One of the main figures behind this is the 70-year-old Li Meili. Li originally worked as a magazine editor, but began studying Haipai knitting after she retired more than 20 years ago.
Her influence was ubiquitous at this year’s Winter Olympics for the hand-knit bouquets: from design and personnel training to quality control and final assembly.
After taking charge of the project in June 2021, she immediately began designing the flowers and choosing materials with the project team. Following countless iterations and corrections, a final prototype was produced in mid-October, which the Winter Olympic Committee approved.
The knitted bouquets awarded to winning athletes at the Winter Olympics included roses, China roses, lily of the valley, and hydrangeas, as well as bay and olive branches, which represent friendship, tenacity, happiness, unity, victory, and peace, respectively.
Meanwhile, the bouquets awarded at the Winter Paralympics also included a spray of blue cosmos, symbolizing determination.
In all, the Winter Games required 1,251 bouquets. Just a single rose took a consummate knitter at least five hours to make. And because the flowers were made from different materials using different techniques, producing one of these incredibly intricate bouquets took approximately 35 hours.
With the support of organizations such as the All-China Women’s Federation, knitting workshops were arranged in Shanghai, Beijing, and Tianjin, as well as Jiangsu and Zhejiang provinces, among others; altogether, hundreds of artisans across the country took part.

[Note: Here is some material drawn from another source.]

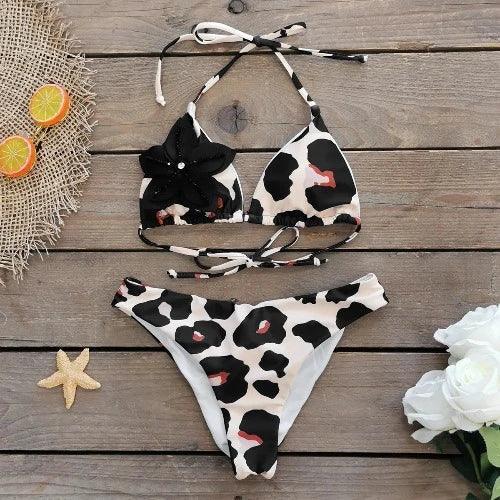 Flower Applique Leopard Print Bikini Bra and Bottom Set - SHExFAB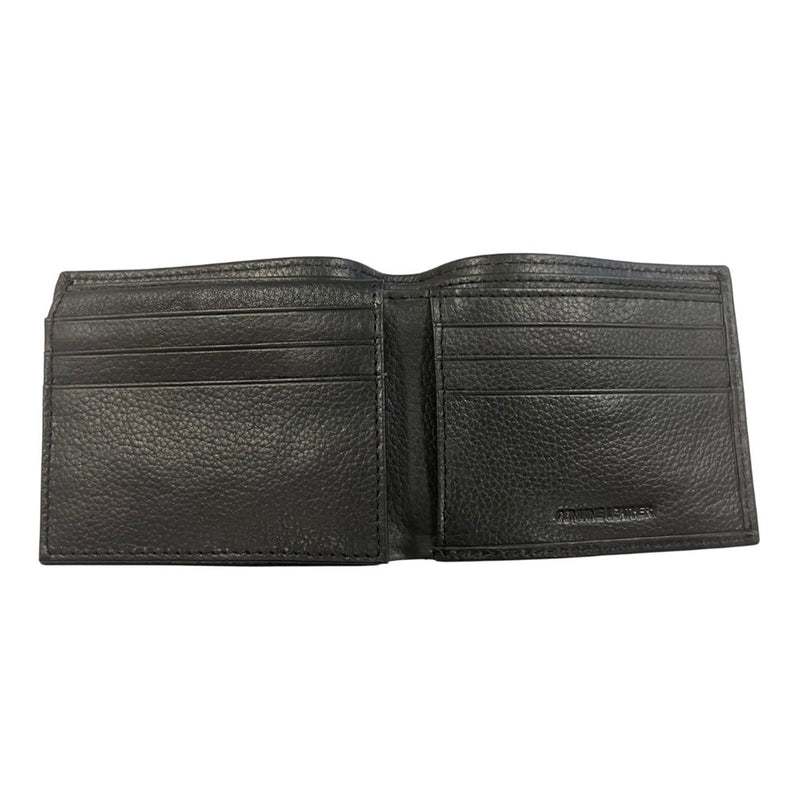JD Brown Pebble Grain Leather Bi-Fold Wallet - Black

The size of each bouquet was equally stringent. Li Meili personally inspected every one of the more than 10,000 knitted flower branches.
At first, as many of the flowers sent to her did not measure up, Li had to take them apart and crochet them all over again. After much cooperation and practice, the volunteers were eventually able to produce satisfactory flowers.
Li says that, for as long as she’s been learning to knit, she has hoped to find a way to introduce Haipai knitting to the rest of the world. For this to happen at such an important event was a dream come true.
On the eve of the Tokyo Olympics in 2021, the Games’ “Faster, Higher, Stronger” motto — unchanged for 108 years — was updated to include the word “Together” at the end.
Six months later, the art form of Haipai knitting, with its interlocking threads that come together to form exquisite designs, recalled this message of unity at the Winter Olympics.
A version of this article originally appeared in Shanghai Tan, a magazine published by the Shanghai Local Chronicles Library. It has been translated and edited for brevity and clarity, and published with permission.
Translator: Lewis Wright; editors: Zhi Yu and Apurva.
(Header image: Left: Wool bouquets produced for the Beijing 2022 Winter Olympics on display in Shanghai, Jan. 19, 2022. Aly Song/Reuters via IC; Right: A design for a peony ornament made by Huang Peiying. Courtesy of Shanghai Tan)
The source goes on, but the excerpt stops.